• PROVIDED MATERIAL:
:::::
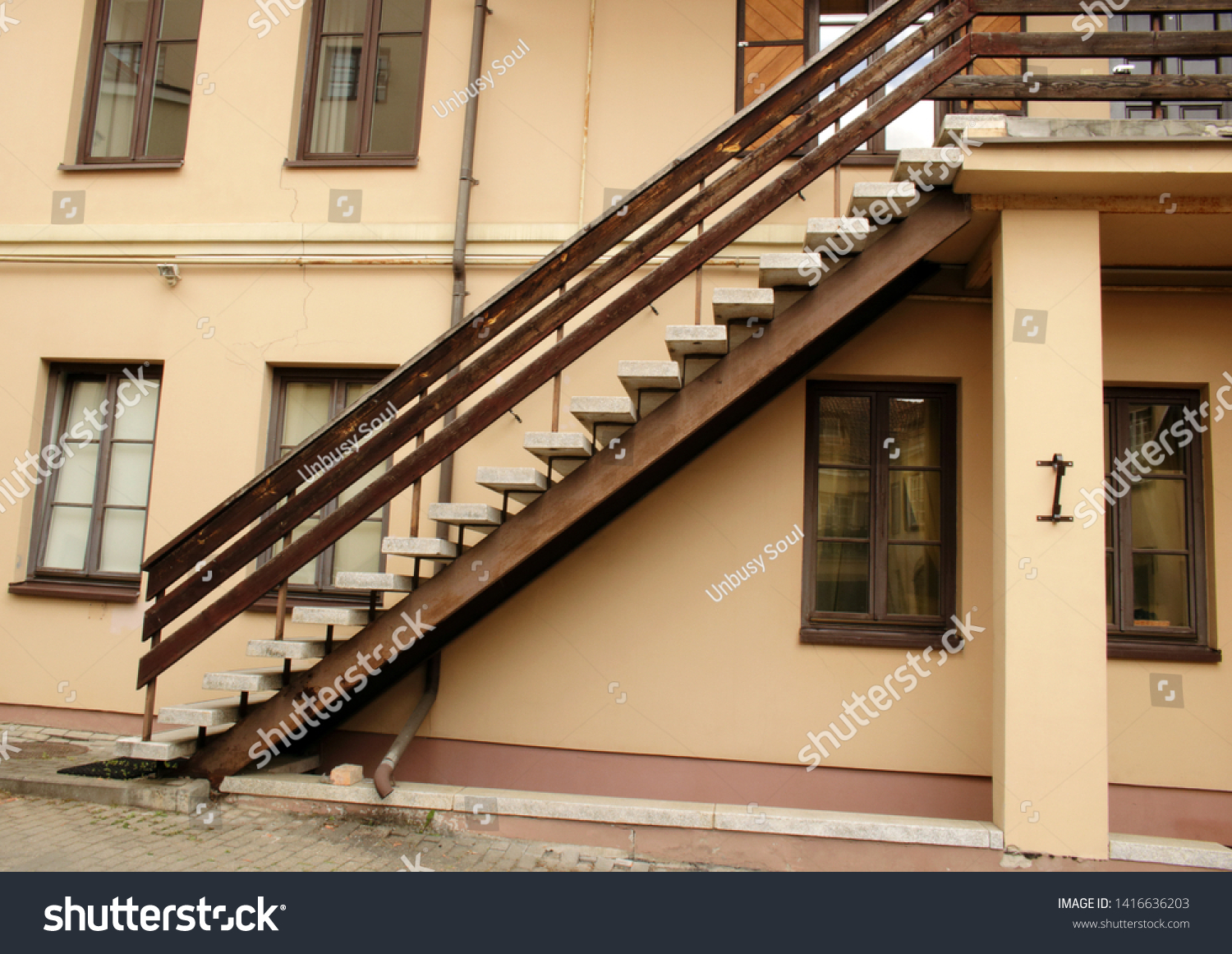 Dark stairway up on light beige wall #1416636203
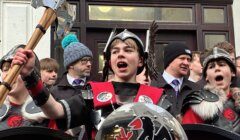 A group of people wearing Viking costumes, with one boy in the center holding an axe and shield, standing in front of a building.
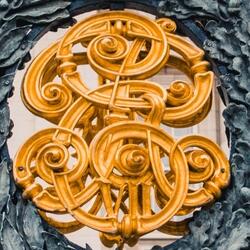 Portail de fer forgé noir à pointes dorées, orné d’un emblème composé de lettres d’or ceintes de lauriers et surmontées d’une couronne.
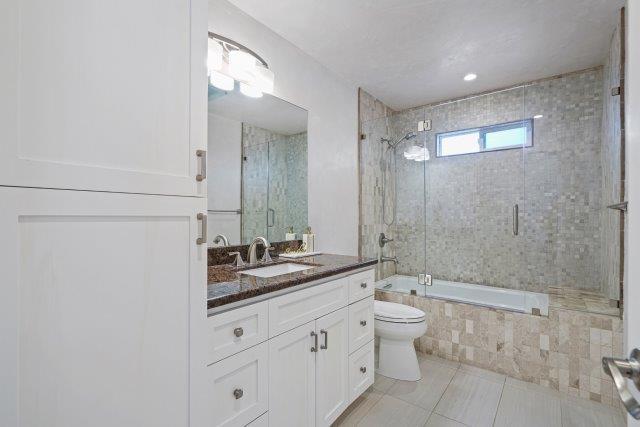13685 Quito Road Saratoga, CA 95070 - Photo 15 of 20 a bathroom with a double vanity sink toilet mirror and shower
:::::
• EXERCISE BRIEF:
Set the entire listing down again, exact in every line, without any pictures.

• RESPONSE:
 Dark stairway up on light beige wall #1416636203
 A group of people wearing Viking costumes, with one boy in the center holding an axe and shield, standing in front of a building.
 Portail de fer forgé noir à pointes dorées, orné d’un emblème composé de lettres d’or ceintes de lauriers et surmontées d’une couronne.
13685 Quito Road Saratoga, CA 95070 - Photo 15 of 20 a bathroom with a double vanity sink toilet mirror and shower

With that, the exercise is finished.